Я считаю целесообразным порвать с традицией «аничковщины» и обратиться к пересечениям в славянских и финских преданиях не как к очередному «финскому влиянию», а как к источнику по древнерусской языческой мифологии.
Речь у нас пойдет об одном из персонажей коми фольклора, богатыре по имени Пера[135]. Впервые запись сказания о Пере была сделана ещё в 1771 г. академиком И.И. Лепёхиным, к настоящему времени о нём опубликованы десятки текстов.
Два самых распространенных предания о Пере – это легенда о его столкновении с лесным духом Вэрса и о победе над врагами, впереди которых двигается в «огненном колесе» вражеский богатырь.
Исследователи отмечают, что для коми фольклора тема победы охотника над лесным духом едва ли не уникальна. Обычно столкнувшийся с недобрым лесным хозяином человек или гибнет, или чудом спасается, здесь же пораженный стрелой Перы Вэрса бежит от него к горе «Болванов Камень», где и умирает.
Из торжества Перы над Вэрсой исследователи справдливло делают вывод, что статус Перы изначально выше простого охотника – ибо Божество может одолеть только другое Божество. Несмотря на то, что до нас не дошли напрямую легенды о русском Перуне, в балтском фольклоре сохранилось немало легенд о его ближайшем подобии – Перкуне (Перкунасе, Перконе). Очень распространен сюжет о преследовании Перкуном «черта» и поражением последнего громовой стрелою[136]. Пера в коми мифологии делает то же самое.

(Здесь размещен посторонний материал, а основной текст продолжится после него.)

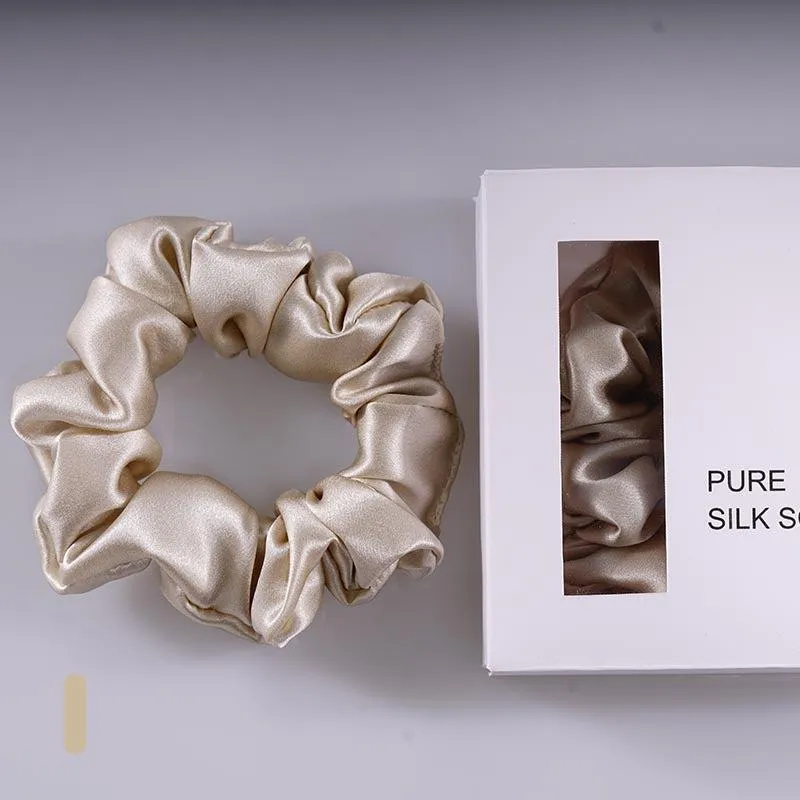 Midi Silk Scrunchies - Beige - Dropshipping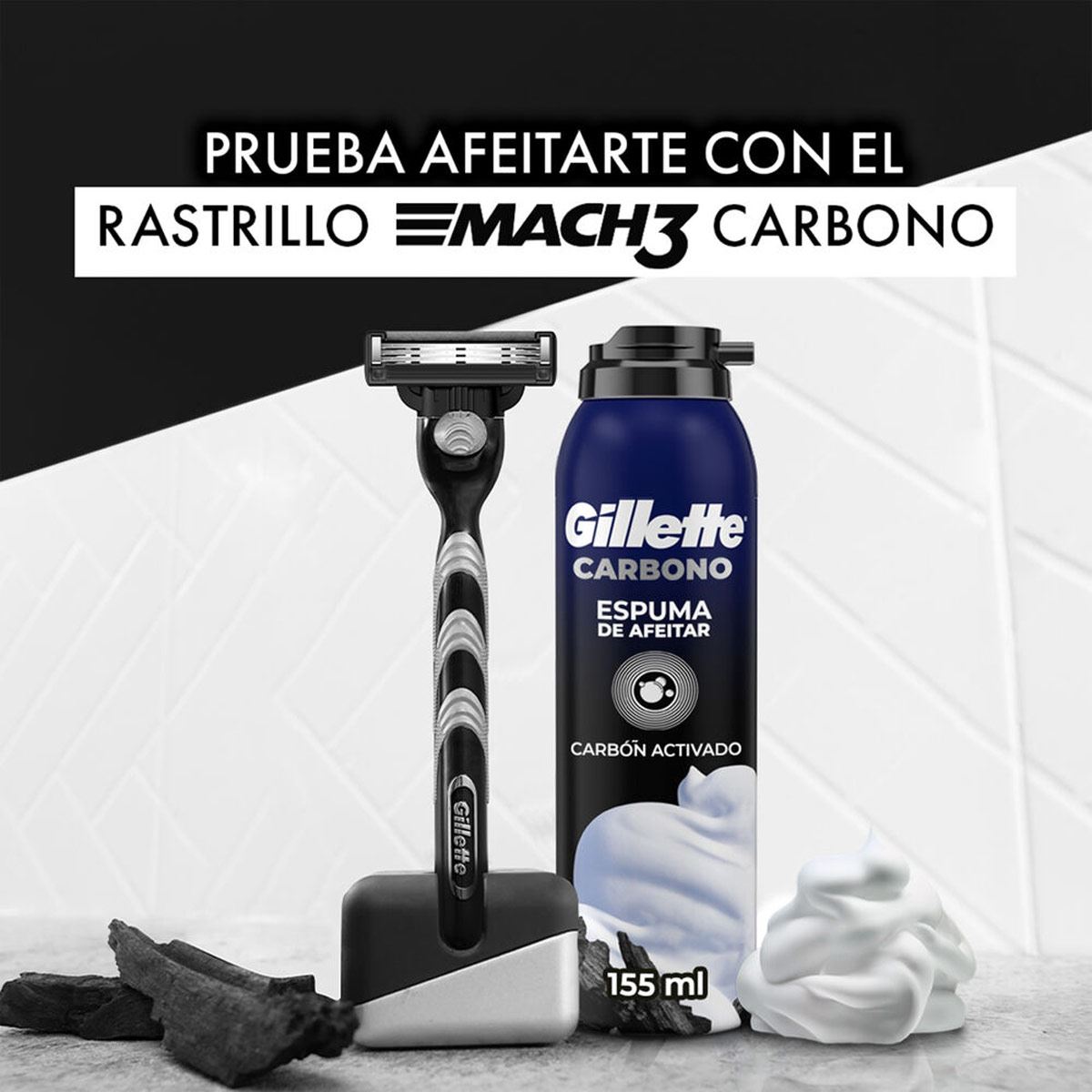 Gillette Carbono Espuma de Afeitar con Carbón Activado 155 ml
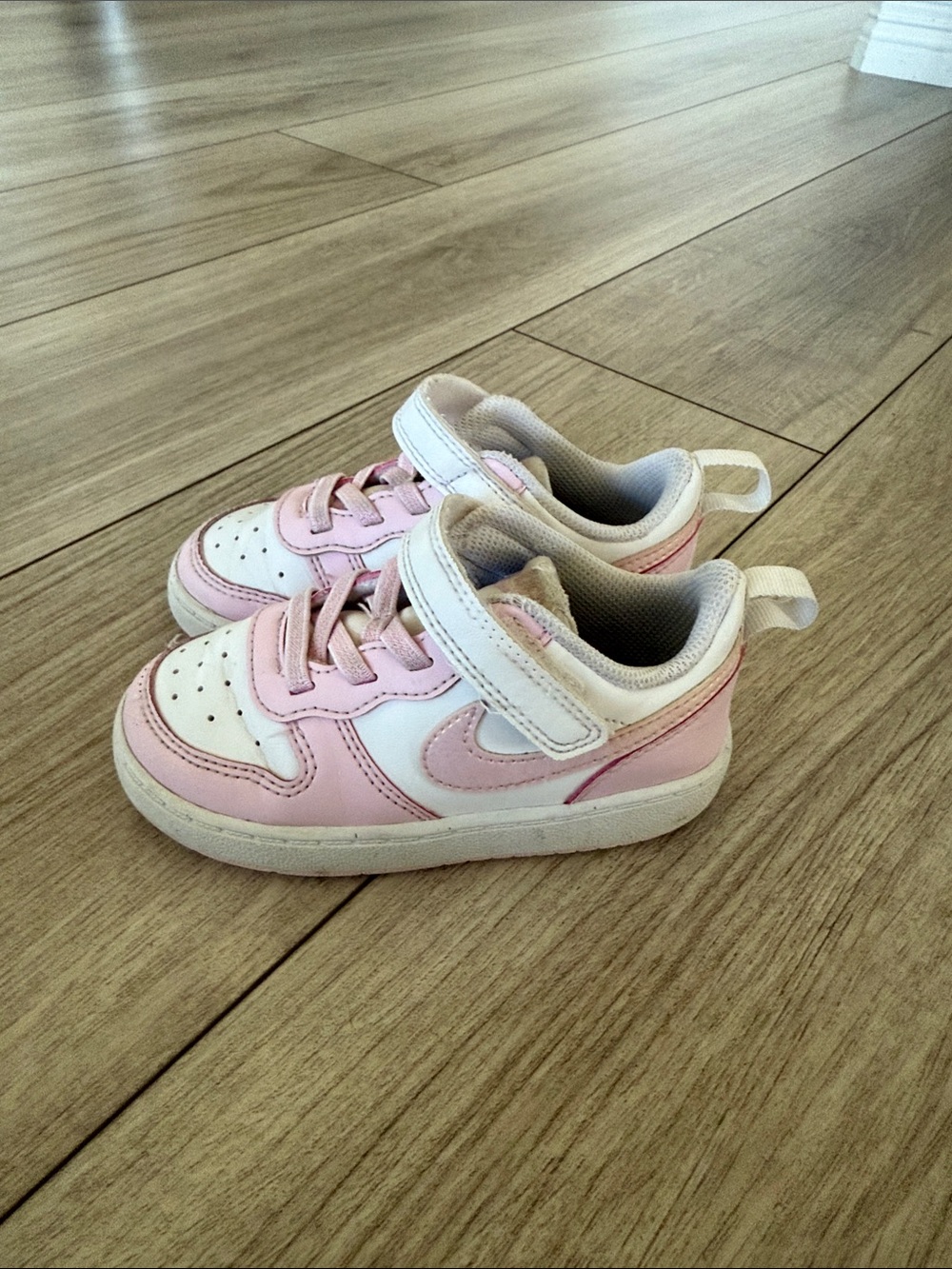 Nike Girls Court Borough Low Recraft Sneakers Pink/White Size 8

Очень интересно предание о победе Пери над огненным колесом. Пожалуй, аналоги ему отыскать трудно. Пера тут выступает как защитник русской (!) земли от врагов (часто конкретно называют татар), впереди войска которых катит главный вражеский богатырь во всесокрушающем огненном колесе, движущемся с юга на запад. Пера разбивает колесо, убивает богатыря, враг в панике бежит, преследуемый русскими.
Это странное предание разъясняют через другой, менее распространенный миф о Пере. «Некогда зимы не было вообще, а Шонды-Солнце никуда не уходило из Пармы (тайги). В Парме было много всяких зверей и птиц, но еще не было людей. Наконец, Парма родила юношу, которого назвали Перой. Пера сделал себе лук и стрелы и стал хозяином и земли, и леса. Однажды, спустившись к реке, он увидел радугу, которая пила из нее воду. За разрешение напиться Пера попросил поднять его за облака. Поднявшись наверх, Пера увидел «твердь господню» и множество огней, а посередине самый большой огонь – Шонды. Пера решил взять немного этого огня и спустить его на Землю, но, приблизившись к Шонды, был отброшен от него грянувшим громом и сверкающей молнией. После этого Пера оказался на облаках в золотых санях, запряженных серебряным конем, рядом с красивой девушкой. Эта была дочь Шонды по имени Зарань, она вставала утром раньше Шонды, а вечером ложилась спать позднее его и следила, чтобы Шонды-огонь никого не сжёг. Пера и Зарань полюбили друг-друга и спустились жить на Землю. Увидев это, Шонды рассердилось и ушло далеко от этих мест. На земле стало темно и холодно, замерзли реки и озера, все занесло снегом. Перу и Зарань укрыла Мать-Парма. Шонды не было семь лет. За это время у Перы и Зарань появилось семь сыновей и семь дочерей. Наконец, Шонды вернулось. Стало тепло, появилась зелень, в небе снова засияла радуга. Шонды предложило Зарань вернуться, угрожая в противном случае сжечь все на земле. Началась страшная жара, высыхали реки, трескалась земля. Чтобы спасти своих детей, Зарань поднялась за облака, но Шонды продолжало жечь. Тогда Пера со всеми своими сыновьями поднялся на высокую гору, он и семь его сыновей натянули могучие луки и выстрелили в Шонды. От Шонды оторвался и рассыпался большой кусок, а в Парме зажглось множество огней. Шонды-огонь и сейчас убегает из этих мест, потому и бывает зима каждый год, но уйти совсем Шонды уже не может, потому что его большой кусок греет землю»[137].